» Activity:
Pictures are to be left out; every line from the one that holds "VTG CARNIVAL GLASS" to the end of the data is to be retyped exactly.

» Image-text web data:
-*-*-

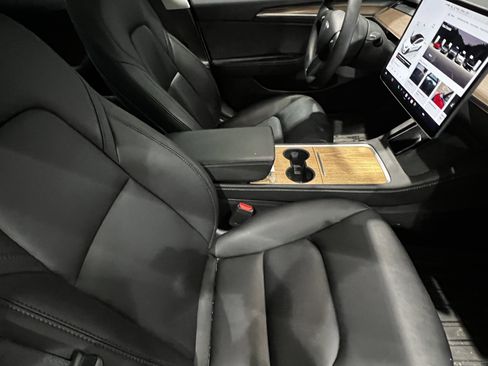Used 2023 Tesla Model 3 Standard Range image 36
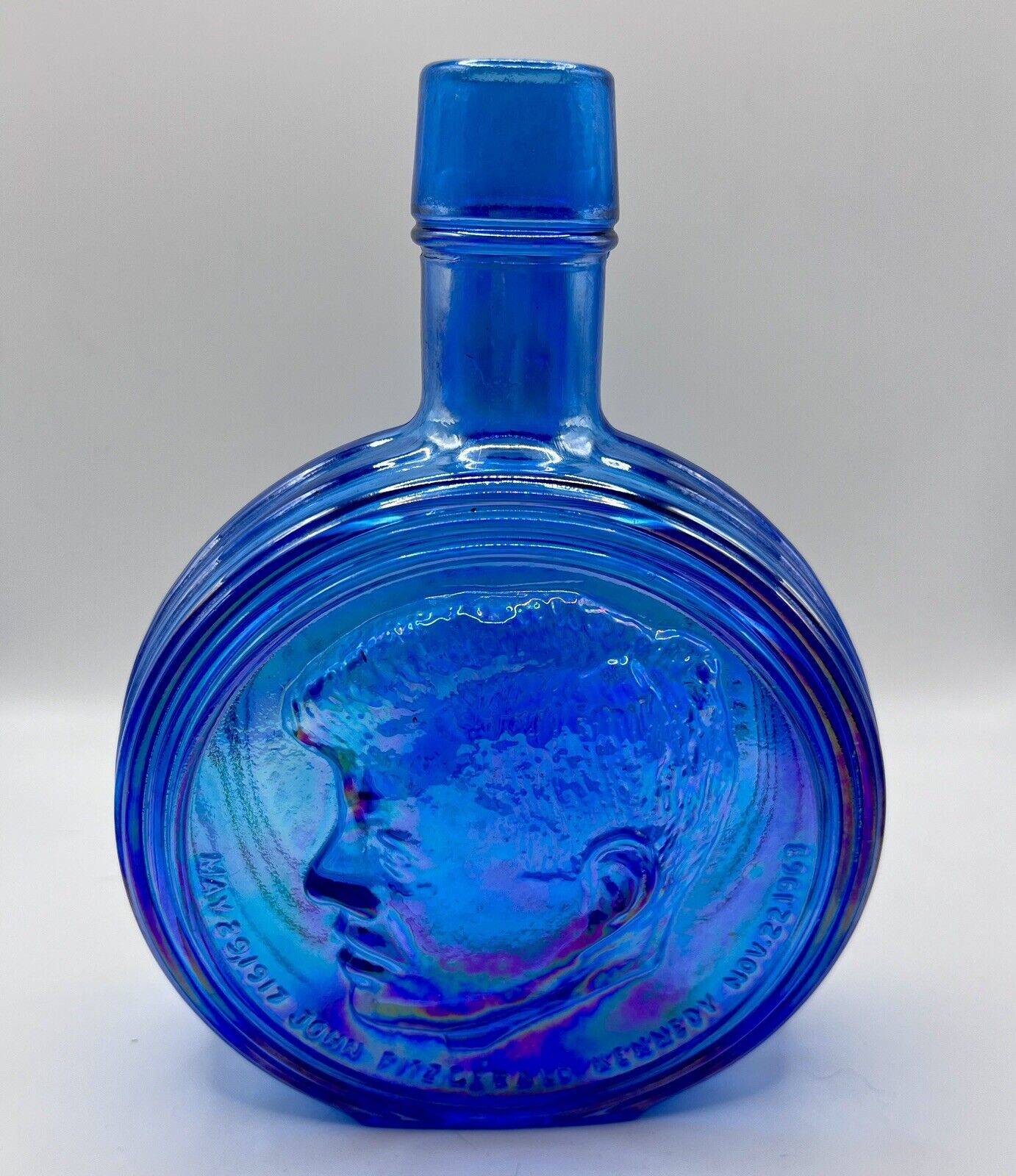 VTG CARNIVAL GLASS BLUE DECANTER COMMEMORATIVE JFK President Kennedy Collectible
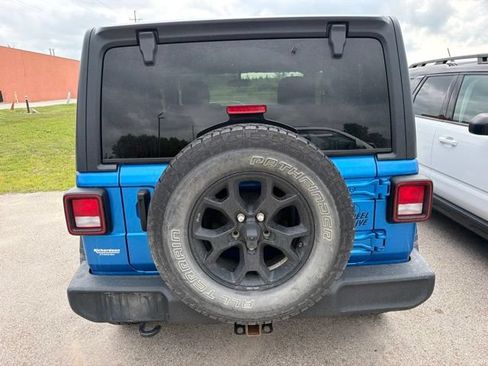 Used 2021 Jeep Wrangler Sport AWD/4WD image 9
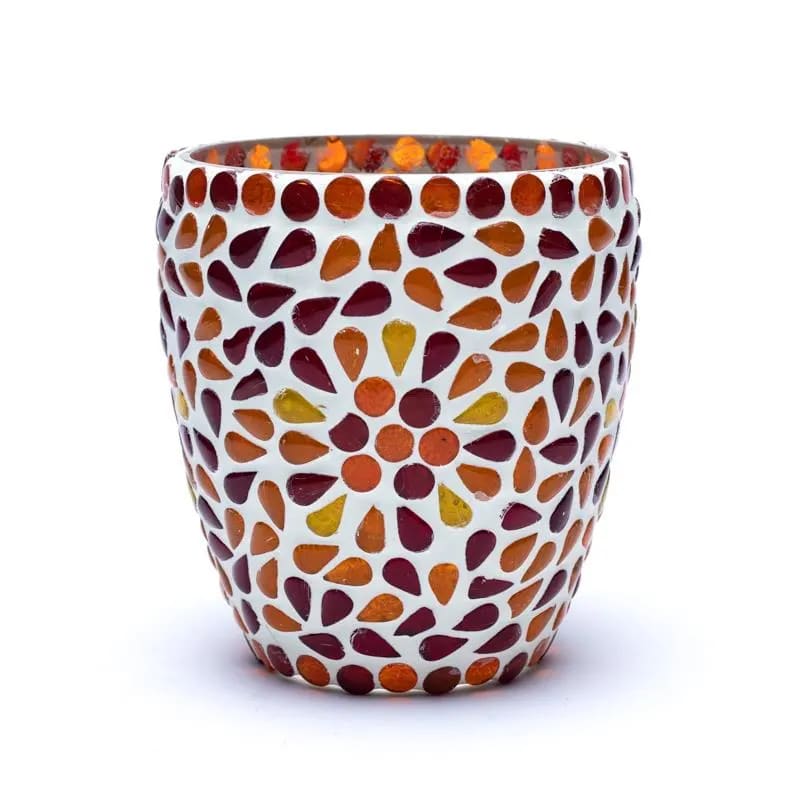 Eine Vase mit einem roten, orangen und gelben Muster.
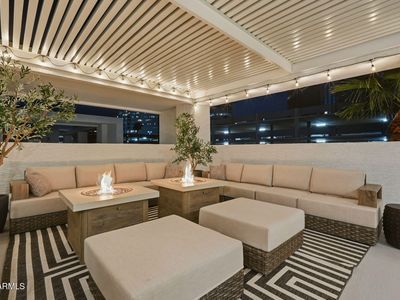 111 W HOLCOMB Lane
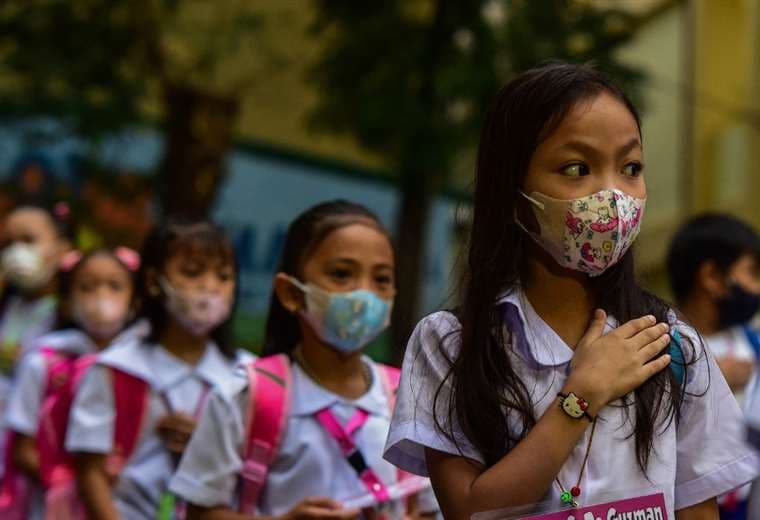 Filipinas reabre aulas después de dos años de cierre por pandemia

-*-*-

» Worked solution:
 VTG CARNIVAL GLASS BLUE DECANTER COMMEMORATIVE JFK President Kennedy Collectible
 Used 2021 Jeep Wrangler Sport AWD/4WD image 9
 Eine Vase mit einem roten, orangen und gelben Muster.
 111 W HOLCOMB Lane
 Filipinas reabre aulas después de dos años de cierre por pandemia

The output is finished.